People around the world use more than a trillion plastic bags every year. They're made of a notoriously resilient kind of plastic called polyethylene that can take decades to break down.
But a humble worm may hold the key to biodegrading them.
It was an accidental discovery. Scientist and beekeeper Federica Bertocchini was frustrated to find that her beehives were infested with the larvae of Galleria mellonella, commonly known as a wax worm.
Bertocchini, who works at the Institute of Biomedicine and Biotechnology of Cantabria in Spain, tells NPR that she was cleaning out the hive and put the worm-infested parts in a plastic bag.
But shortly afterward, she noticed that "they were all crawling around my place and the plastic bag was riddled with holes."
This got her thinking about whether the creatures were simply chewing up the plastic or actually breaking it down chemically.
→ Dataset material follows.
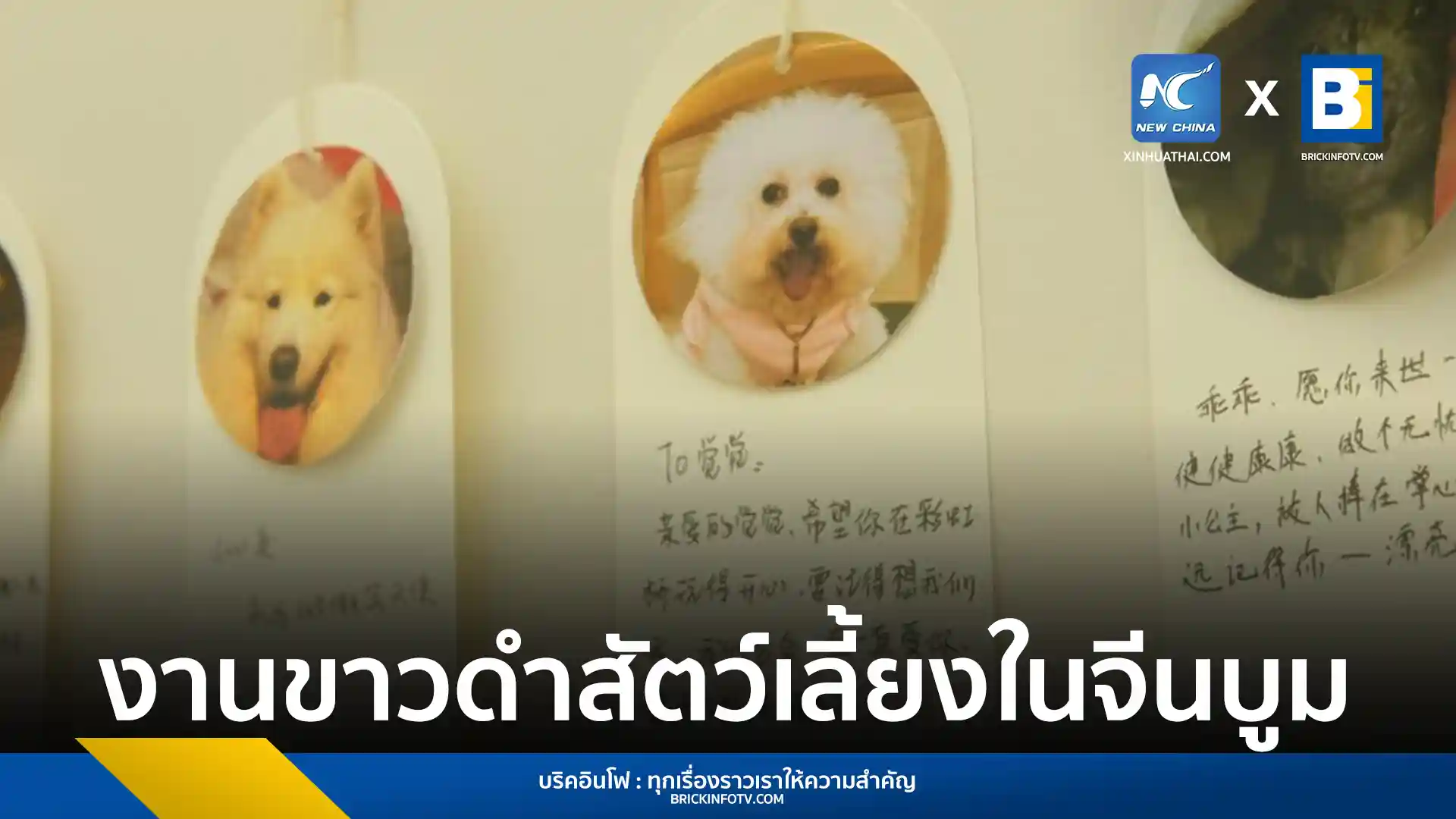 ตลาดธุรกิจงานศพสัตว์เลี้ยงในจีนขยายตัวอย่างรวดเร็ว สะท้อนการเปลี่ยนแปลงทัศนคติที่ชาวจีนมีต่อสัตว์เลี้ยงซึ่งกลายเป็นส่วนหนึ่งของครอบครัว พร้อมการเติบโตทางเศรษฐกิจและมาตรฐานที่เพิ่มขึ้นในอุตสาหกรรม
Bertocchini and a team of researchers decided to test it, so they ground some wax worms into a pulp and spread it on the polyethylene plastic.
The plastic still degraded. "So it had to be something chemical that was going on and not a physical breakdown," one of the scientists, Christopher Howe of the University of Cambridge, tells NPR.
The scientists also found that what the worms did transformed the plastic into ethylene glycol, which is commonly used in antifreeze. "It's not itself a very exciting product, from our point of view, but what matters is that we're able to turn the plastic into something else," Howe says.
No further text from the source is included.